Terraform will perform the following actions:

  # aws_instance.web_server will be created
  + resource "aws_instance" "web_server" {
      + ami           = "ami-0c55b159cbfafe1f0"
      + instance_type = "t3.micro"
      + tags          = {
          + "Environment" = "dev"
          + "ManagedBy"   = "terraform"
          + "Name"        = "dev-web-server"
        }
    }

Plan: 1 to add, 0 to change, 0 to destroy.

Module Design Guide

Modules are the primary unit of reuse. Design them well.

When to create a module:

You've written the same resource pattern more than once
A logical grouping of resources always deploys together (e.g., VPC + subnets + route tables)
You want to enforce standards (tagging, naming, security policies) across teams

Module interface design:

Keep the input surface small — expose only what callers need to customize
Use sensible defaults so modules work out of the box
Validate inputs with validation blocks to catch errors early
Output everything downstream modules or root configurations might need
Document with inline description fields and a README

Module versioning:

Use semantic versioning (MAJOR.MINOR.PATCH)
Pin module sources to specific versions or tags
Never use ref=main in production — always use a release tag

module "vpc" {
  source  = "git::https://github.com/mycompany/terraform-modules.git//networking/vpc?ref=v2.1.0"
  # OR from registry:
  # source  = "app.terraform.io/mycompany/vpc/aws"
  # version = "~> 2.1"

  environment = var.environment
  cidr_block  = var.vpc_cidr
}

Reference: See references/module-patterns.md for complete module examples including testing with Terratest.

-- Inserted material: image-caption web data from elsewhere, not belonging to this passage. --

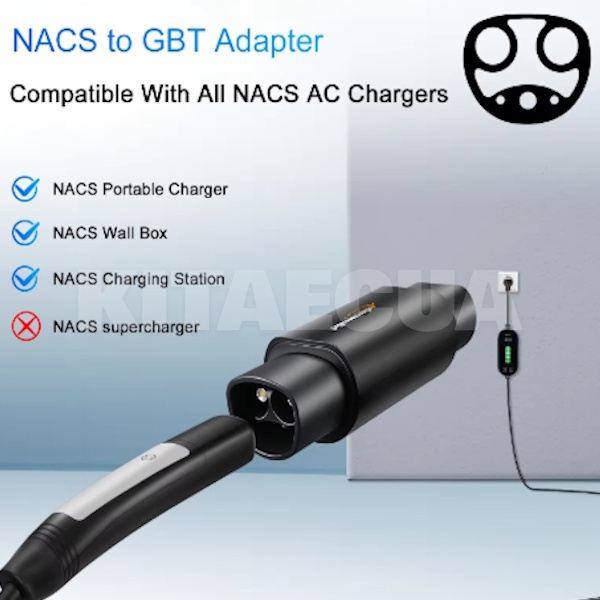 Перехідник Guwieyg 7.4 кВт 32А 1-фаза Type Tesla (станція) - GB/T AC (китайське авто) GUWIEYG (P-TSGBT) - 3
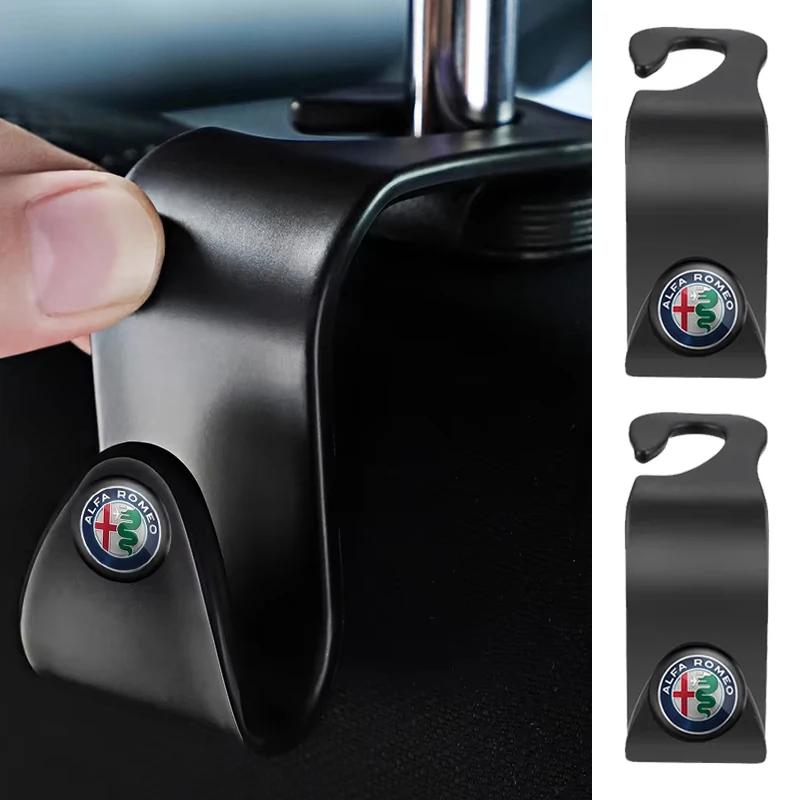 ABS Car Styling Seat Back Hooks Accessories for Alfa Romeo Giulietta GT 159 147 156 Mito Brera Giulia F1 Stelvio Volante Stelvio def789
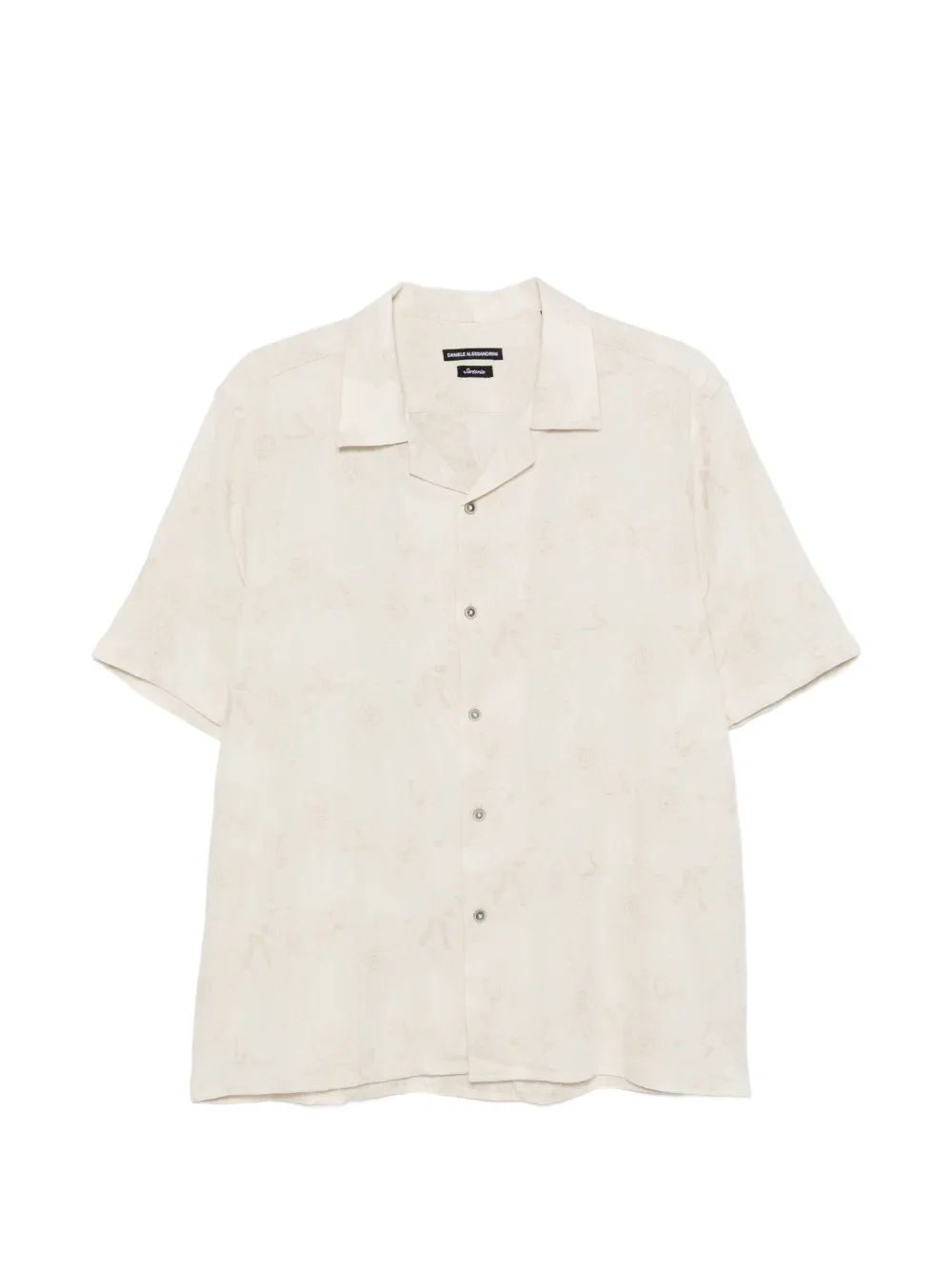 Daniele Alessandrini floral-jacquard short-sleeve shirt - Toni neutri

Importing Existing Resources

When the user has existing cloud resources they want to bring under Terraform management:

Audit — List existing resources (use cloud CLI tools or resource explorer)
Write config — Create the Terraform resource blocks that match the existing state
Import — Use terraform import (or import blocks in TF 1.5+) to map resources to config
Plan — Run terraform plan to verify zero diff (no changes planned)
Iterate — Fix any drift between config and actual state until the plan is clean

Modern import block syntax (Terraform 1.5+):

import {
  to = aws_instance.web_server
  id = "i-1234567890abcdef0"
}

Generate config from imports (Terraform 1.5+):

terraform plan -generate-config-out=generated.tf

This generates HCL for imported resources automatically. Review and refine the generated code before committing.

CI/CD Integration

Infrastructure changes should go through the same rigor as application code.

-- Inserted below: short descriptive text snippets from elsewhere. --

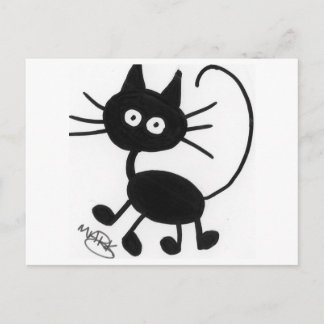 Cartoon Black Cat Briefkaart
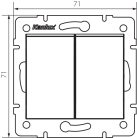Kanlux 10A, 250V, 71x71 mm, IP20, matt fekete, fali süllyesztett csillárkapcsoló, Logi – két lámpa vagy csoport vezérléséhez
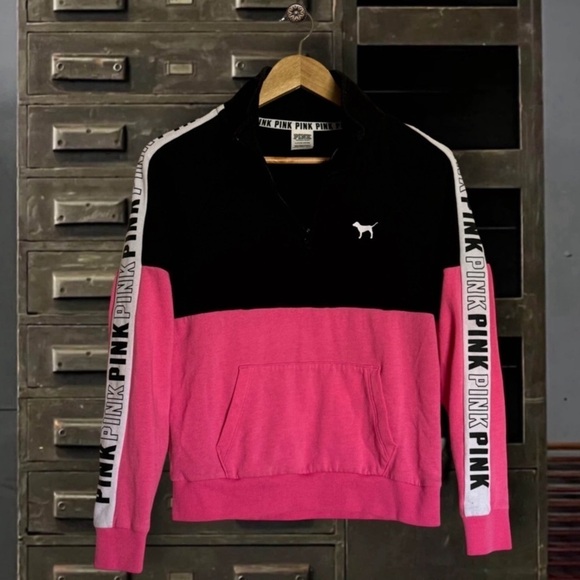 PINK • Victoria’s Secret Sweatshirt Track Jacket 3/4 Zip Pullover - Picture 5 of 5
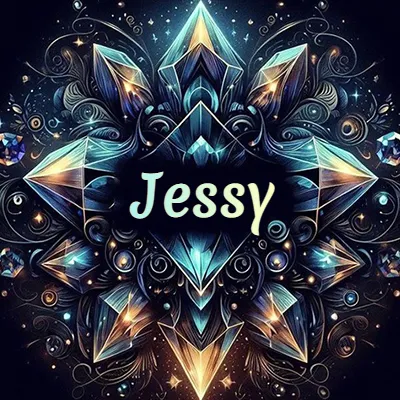 Obra de arte lujosa con cristales y piedras brillantes, nombre en el centro sobre fondo oscuro. - Jessy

Recommended pipeline stages:

terraform fmt -check — Enforce formatting
terraform validate — Syntax and type checking
terraform plan — Preview changes, save plan file
Manual approval — Human reviews the plan output
terraform apply <plan-file> — Apply the reviewed plan
Post-apply validation — Run smoke tests or policy checks

Pre-commit hooks — Catch issues before they reach CI:

# .pre-commit-config.yaml
repos:
  - repo: https://github.com/antonbabenko/pre-commit-terraform
    rev: v1.88.0
    hooks:
      - id: terraform_fmt
      - id: terraform_validate
      - id: terraform_tflint
      - id: terraform_docs

Reference: See references/cicd-pipelines.md for complete GitHub Actions, GitLab CI, and Azure DevOps pipeline examples.

Provider Configuration

Always pin provider versions explicitly.

Traditional cloud providers:

terraform {
  required_version = ">= 1.5.0, < 2.0.0"

  required_providers {
    aws = {
      source  = "hashicorp/aws"
      version = "~> 5.0"
    }
    azurerm = {
      source  = "hashicorp/azurerm"
      version = "~> 3.0"
    }
    google = {
      source  = "hashicorp/google"
      version = "~> 5.0"
    }
  }
}

Modern platform providers:

terraform {
  required_version = ">= 1.5.0, < 2.0.0"

  required_providers {
    vercel = {
      source  = "vercel/vercel"
      version = "~> 2.0"
    }
    railway = {
      source  = "terraform-community-providers/railway"
      version = "~> 0.4"
    }
    render = {
      source  = "render-oss/render"
      version = "~> 1.0"
    }
    supabase = {
      source  = "supabase/supabase"
      version = "~> 1.0"
    }
    upstash = {
      source  = "upstash/upstash"
      version = "~> 1.0"
    }
  }
}

Only include the providers you actually need — don't declare all of them if you're only using Vercel + Supabase, for example.

Provider maturity notes:

Vercel (vercel/vercel) — Official, stable, well-maintained. Supports projects, deployments, domains, firewall, and environment variables.
Railway (terraform-community-providers/railway) — Community-maintained, actively developed. Covers projects, services, variables, custom domains. Not official from Railway.
Render (render-oss/render) — Official but in early access. Expect possible breaking changes; pin versions tightly.
Supabase (supabase/supabase) — Official, stable. Manages projects, settings, branches, and API keys.
Upstash (upstash/upstash) — Official, stable. Manages Redis databases, Kafka clusters/topics, and QStash.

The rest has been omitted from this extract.